Portando ancora avanti questa linea di riflessione il papa ha rilevato
l’importanza di insistere sulla reciprocità del rapporto. «Quanto può imparare
poi il sacerdote da penitenti esemplari per la loro vita spirituale, per la
serietà con cui conducono l’esame di coscienza, per la trasparenza nel
riconoscere il proprio peccato e per la docilità verso l’insegnamento della
Chiesa e le indicazioni del confessore. Dall’amministrazione del Sacramento
della penitenza possiamo ricevere profonde lezioni di umiltà e di fede! È un
richiamo molto forte per ciascun sacerdote alla coscienza della propria
identità.

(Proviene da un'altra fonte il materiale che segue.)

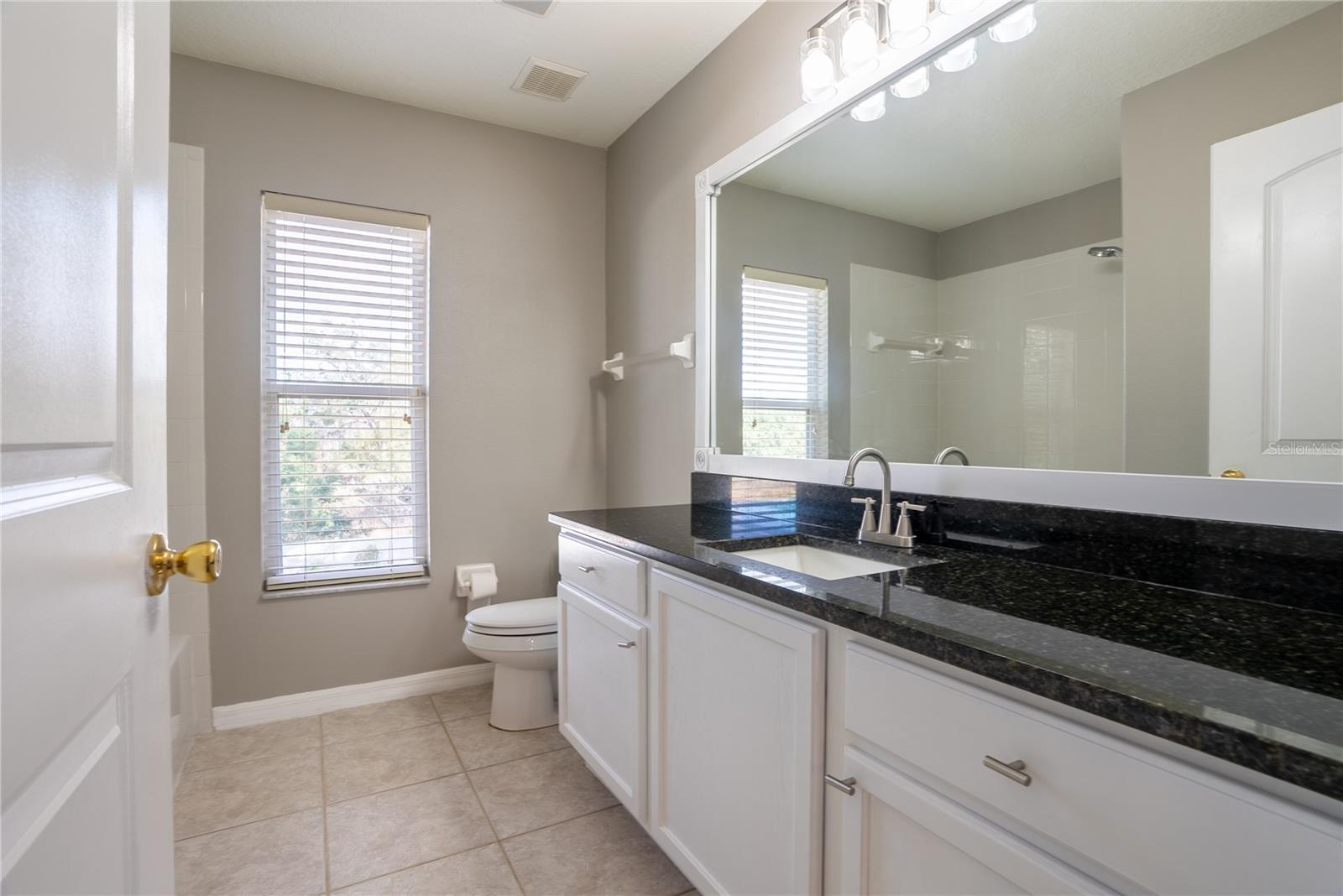 3rd Bath room 2nd floor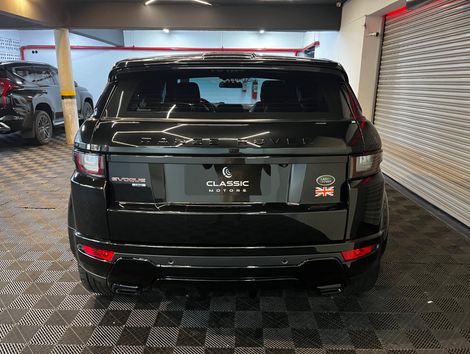 Land Rover Range R.EVOQUE Si4 HSE Dyn. 2.0/Flex Aut
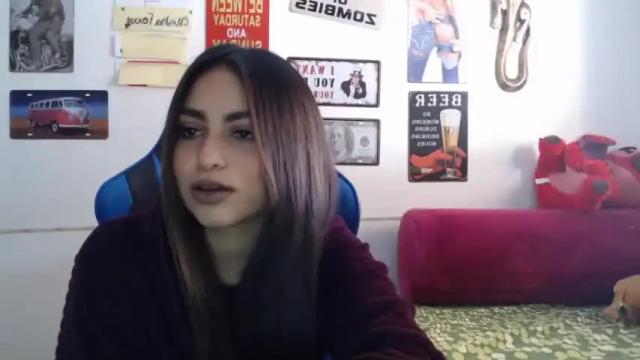 Thumbnail 1, alishafoxxx's Stream at Chaturbate, 14 months ago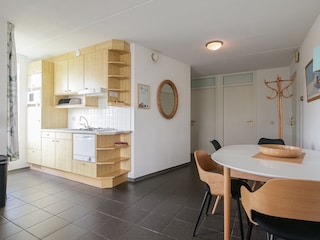 Ferienwohnung Callantsoog Ausstattung 12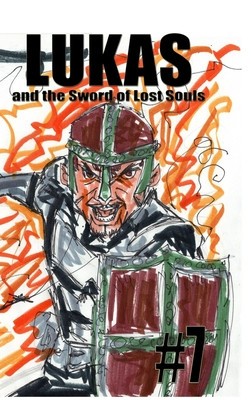 Lukas and the Sword of Lost Souls #7 foto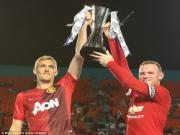 Thấy gì từ chiến thắng của Man Utd tại "Siêu kinh điển Premier League" trên đất Mỹ
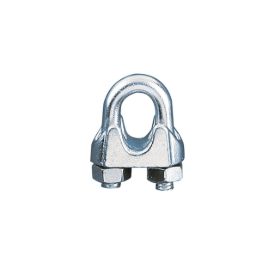 Imagen de Sujeta cables inoxidable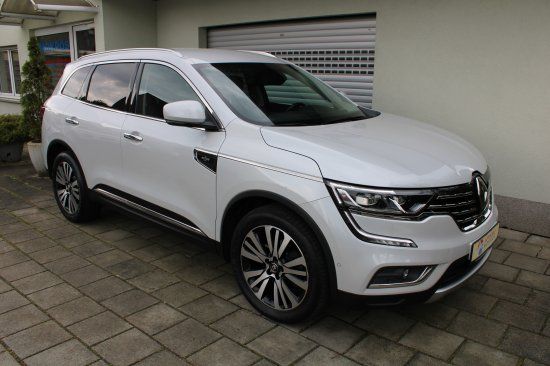 Renault Koleos 49.750 km 19.450 &euro; Chemnitz 09114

Mai, unicamente in forza della nostra umanità, potremmo ascoltare le
confessioni dei fratelli! Se essi si accostano a noi, è solo perché siamo
sacerdoti, configurati a Cristo Sommo ed Eterno Sacerdote, e resi capaci di
agire nel suo Nome e nella sua Persona, di rendere realmente presente Dio che
perdona, rinnova e trasforma. La celebrazione del Sacramento della penitenza ha
un valore pedagogico per il sacerdote, in ordine alla sua fede, alla verità e
povertà della sua persona, e alimenta in lui la consapevolezza dell’identità
sacramentale».
Quale è però il valore pedagogico per chi si accosta alla penitenza? Qui occorre
fare i conti con la specifica mentalità contemporanea che non riconosce o
rifiuta il senso del peccato. «Certamente la Riconciliazione sacramentale è uno
dei momenti nei quali la libertà personale e la consapevolezza di sé sono
chiamate a esprimersi in modo particolarmente evidente. È forse anche per questo
che, in un’epoca di relativismo e di conseguente attenuata consapevolezza del
proprio essere, risulta indebolita anche la pratica sacramentale. L’esame di
coscienza ha un importante valore pedagogico: esso educa a guardare con
sincerità alla propria esistenza, a confrontarla con la verità del Vangelo e a
valutarla con parametri non soltanto umani, ma mutuati dalla divina Rivelazione.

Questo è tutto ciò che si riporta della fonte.